▶ [What you are asked to do]: Here are records with pictures in them. Copy all of them exactly and leave the pictures out.

___ Exercise data

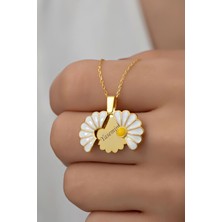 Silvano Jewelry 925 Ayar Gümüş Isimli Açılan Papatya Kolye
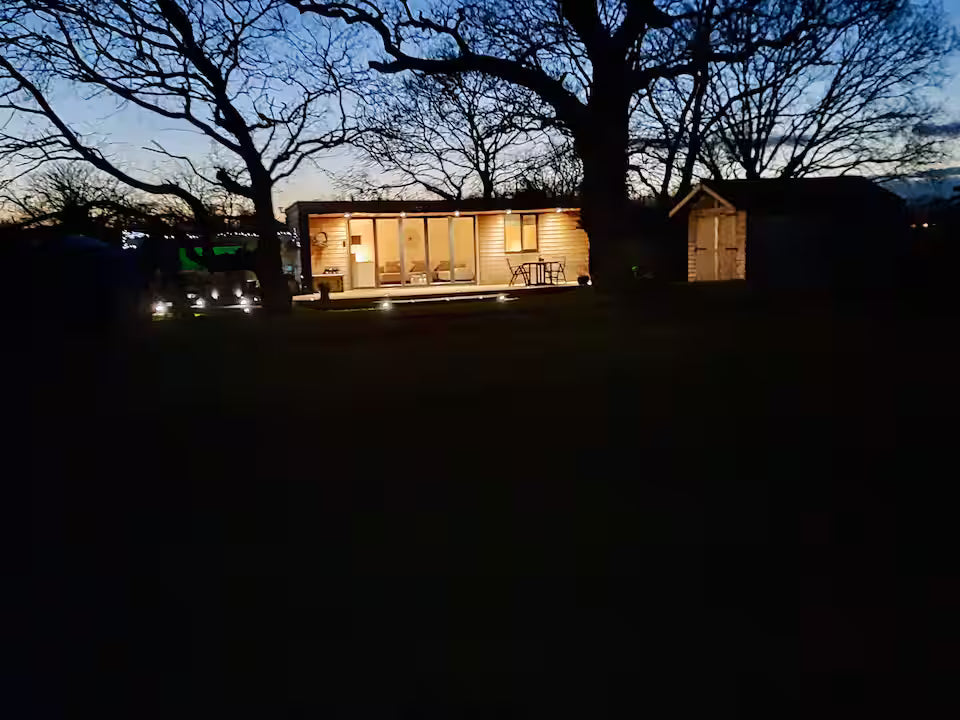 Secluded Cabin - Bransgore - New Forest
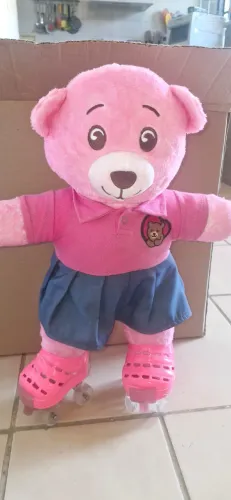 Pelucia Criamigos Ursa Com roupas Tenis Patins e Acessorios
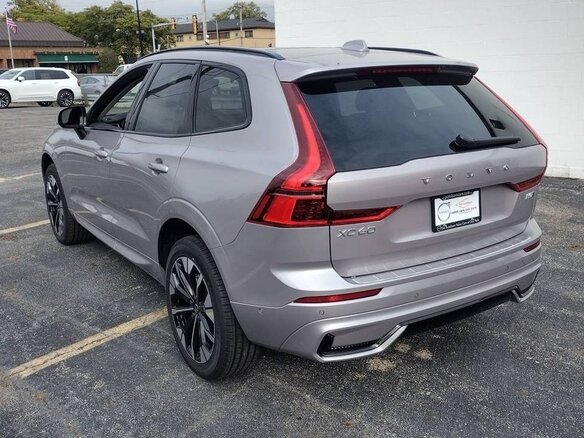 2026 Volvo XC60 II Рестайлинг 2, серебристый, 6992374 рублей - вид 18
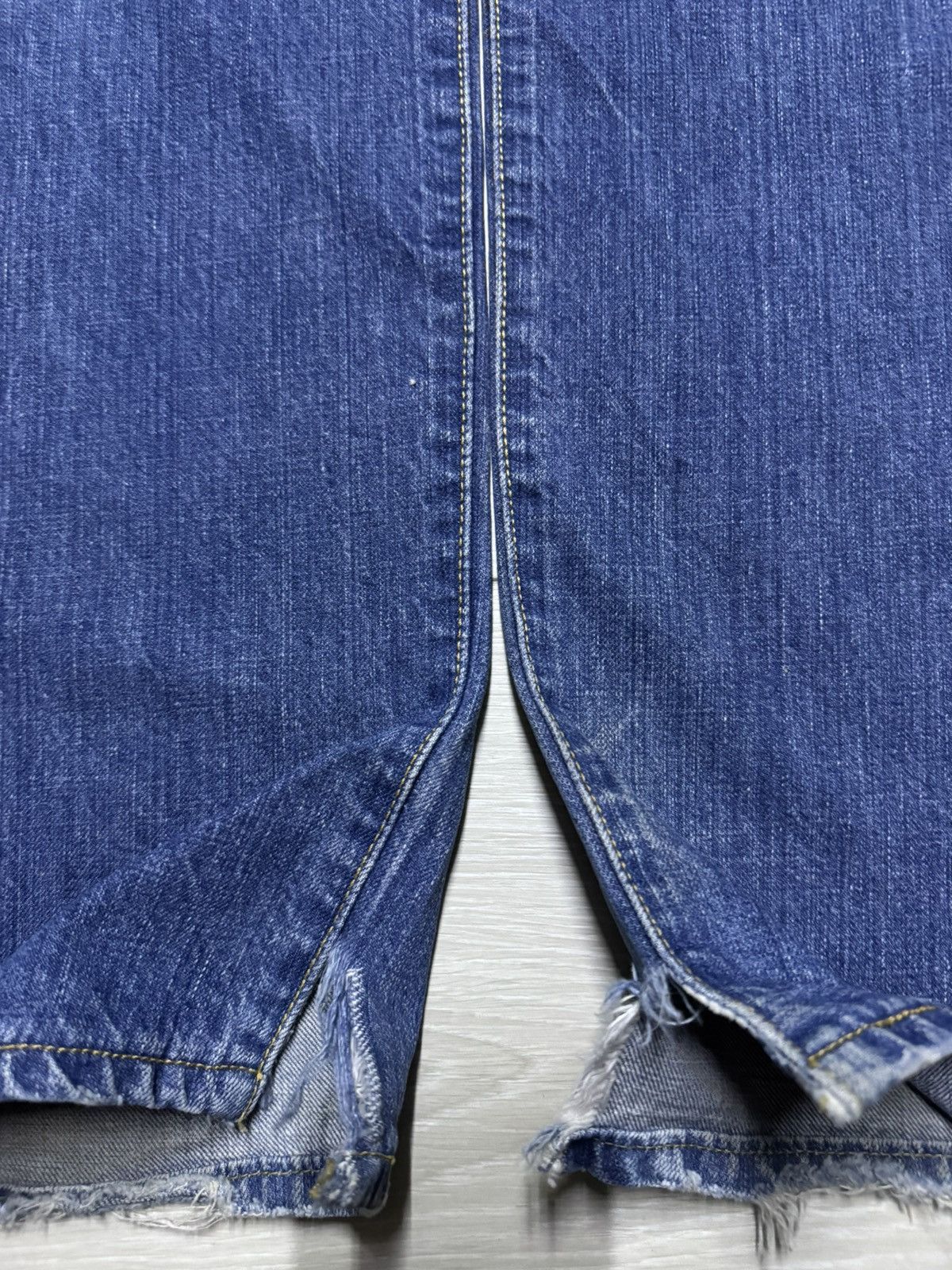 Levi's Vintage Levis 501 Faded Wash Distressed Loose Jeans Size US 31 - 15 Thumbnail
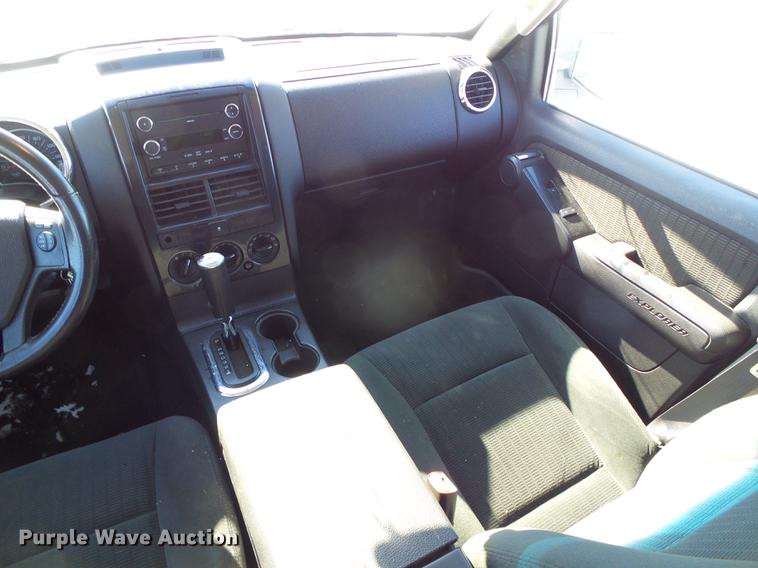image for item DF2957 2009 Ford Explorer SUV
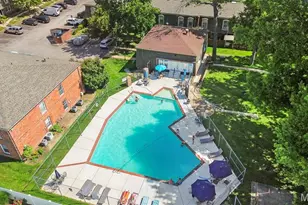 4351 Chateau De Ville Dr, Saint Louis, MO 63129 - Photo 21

______

▶ [Solution to the exercise]:
 Silvano Jewelry 925 Ayar Gümüş Isimli Açılan Papatya Kolye
 Secluded Cabin - Bransgore - New Forest
 Pelucia Criamigos Ursa Com roupas Tenis Patins e Acessorios
 2026 Volvo XC60 II Рестайлинг 2, серебристый, 6992374 рублей - вид 18
 Levi's Vintage Levis 501 Faded Wash Distressed Loose Jeans Size US 31 - 15 Thumbnail
image for item DF2957 2009 Ford Explorer SUV
 4351 Chateau De Ville Dr, Saint Louis, MO 63129 - Photo 21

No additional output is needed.